In the opinion of management, the accompanying statements reflect all
adjustments necessary to present a fair statement of the financial
position and results of operations for the interim periods. All
material adjustments are of a normal recurring nature unless
otherwise disclosed in this Form 10-Q. Prior year's amounts in the
consolidated financial statements have been reclassified where
necessary to conform to the 1994 presentation. Results of operations
for interim periods are not necessarily indicative of results to be
expected for a full year.
Nuclear Decommissioning Costs:
- -----------------------------
The estimated total obligation for nuclear decommissioning costs is
approximately $1.1 billion in 1994 dollars (or $4.5 billion in
escalated dollars); this obligation is being recognized ratably over
the facilities' lives. This estimate considers the total cost
(including labor, materials and other costs) of decommissioning and
dismantling plant systems and structures and includes a contingency
factor for possible changes in regulatory requirements and waste
disposal cost increases.
The decommissioning method selected for Diablo Canyon Nuclear Power
Plant (Diablo Canyon) anticipates the equipment, structures, and
portions of the facility and site containing radioactive contaminants
will be removed or decontaminated to a level that permits the
property to be released for unrestricted use shortly after cessation
of operations. Humboldt Bay Power Plant is being decommissioned
under a method that consists of placing and maintaining the facility
in protective storage until some future time when dismantling can be
initiated. The average annualized escalation rate and the assumed
return on qualified trust assets used to calculate the
decommissioning obligation are approximately 5.5 percent and 5.25
percent (6.25 percent on nonqualified trust assets), respectively.

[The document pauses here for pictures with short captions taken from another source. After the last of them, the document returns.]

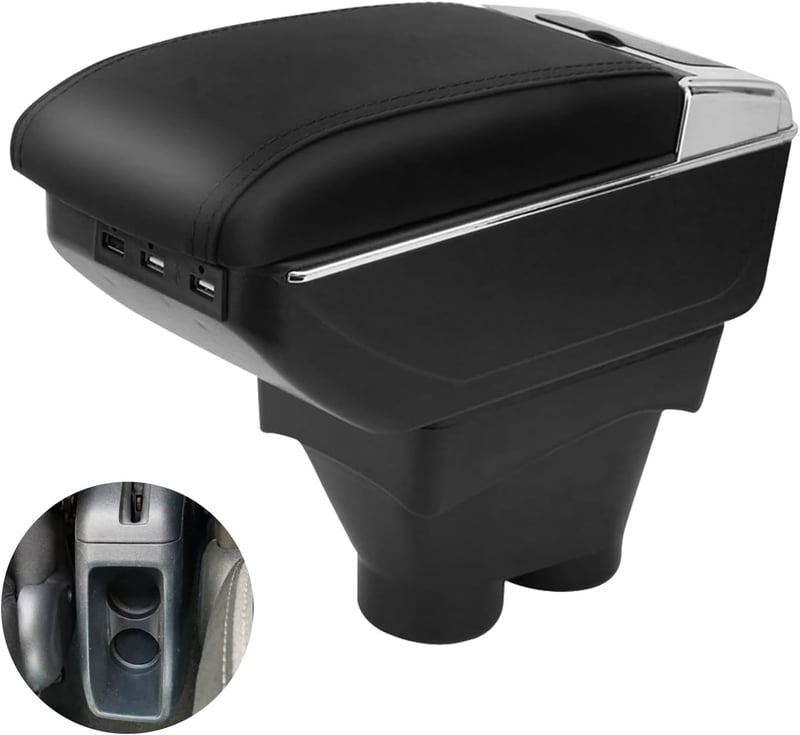 ZWPARTS Peugeot 208 2013-2018 Középkonzol USB Töltőportokkal Fekete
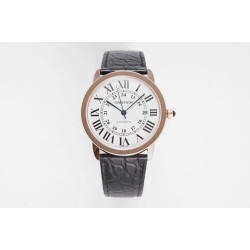 Ronde Solo Date 42mm Dia RG/LE White Dial AF MY9015
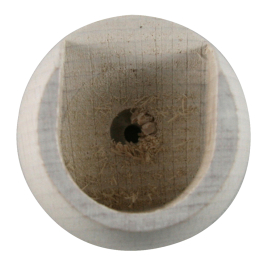 Naissance pour tringle en bois LAB blanc Ø 28 mm 2 pièces MOBOIS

As of September 30, 1994, the Company had accumulated in external
trust funds $610 million (at fair value) to be used for the
decommissioning of its nuclear facilities.
1994 Workforce Reduction:
- ------------------------
In August 1994, the Company announced a workforce reduction. The gross
annual labor savings from this reduction are projected to be between
$150 million and $185 million.
The majority of the proposed job reductions are expected to occur by
the first quarter of 1995 through a voluntary retirement incentive
(VRI) program. Assuming that a similar percentage of eligible
employees accept the VRI as accepted a similar offer in 1993 and that a
total of 3,000 positions are eliminated, it is estimated that the VRI
and severance programs will cost approximately $280 million. In
addition, depending on the impact of the reductions on the Company's
pension and other postretirement benefit plans, the Company may have to
recognize an additional cost of up to approximately $50 million. The
ultimate cost will vary depending on the actual mix of benefits taken
and number of positions eliminated.
Substantially all of the cost of the workforce reduction will be
expensed in the fourth quarter of 1994, when the VRI acceptance period
ends and the specifics of the severance program are known. The Company
does not plan to seek rate recovery for the cost of the workforce
reduction as it did with the 1993 program.
NOTE 2: COMPETITION AND REGULATION
- -----------------------------------
Competitive and regulatory changes in the Company's gas and electric
businesses are occurring at an ever-increasing rate. These changes
will impact the way the Company conducts its business and may affect
recovery of certain assets.
Electric Industry Restructuring:
- -------------------------------
In April 1994, the California Public Utilities Commission (CPUC) issued
an order instituting a rulemaking and an investigation (OIR/OII) on
electric industry restructuring. The proposal, which is subject to
comment and modification, involves two major changes in electric
industry regulation. The first would move electric utilities from
traditional ratemaking to performance-based ratemaking. The second
would unbundle electric services and provide electric utility retail
customers the option to choose from a range of electric generation
providers, including utilities (direct access). Direct access would be
phased in over a six-year period from 1996 to 2002. Utilities would
still be obligated to provide transmission and distribution services to
all customers. To ensure an orderly transition that maintains the
financial integrity of the utilities, the CPUC proposed that stranded
costs of utility generating assets be recovered through a "competition
transition charge." However, the OIR/OII did not specify which costs
might be recovered through such a transition charge nor how such a
charge would be allocated to and collected from customers.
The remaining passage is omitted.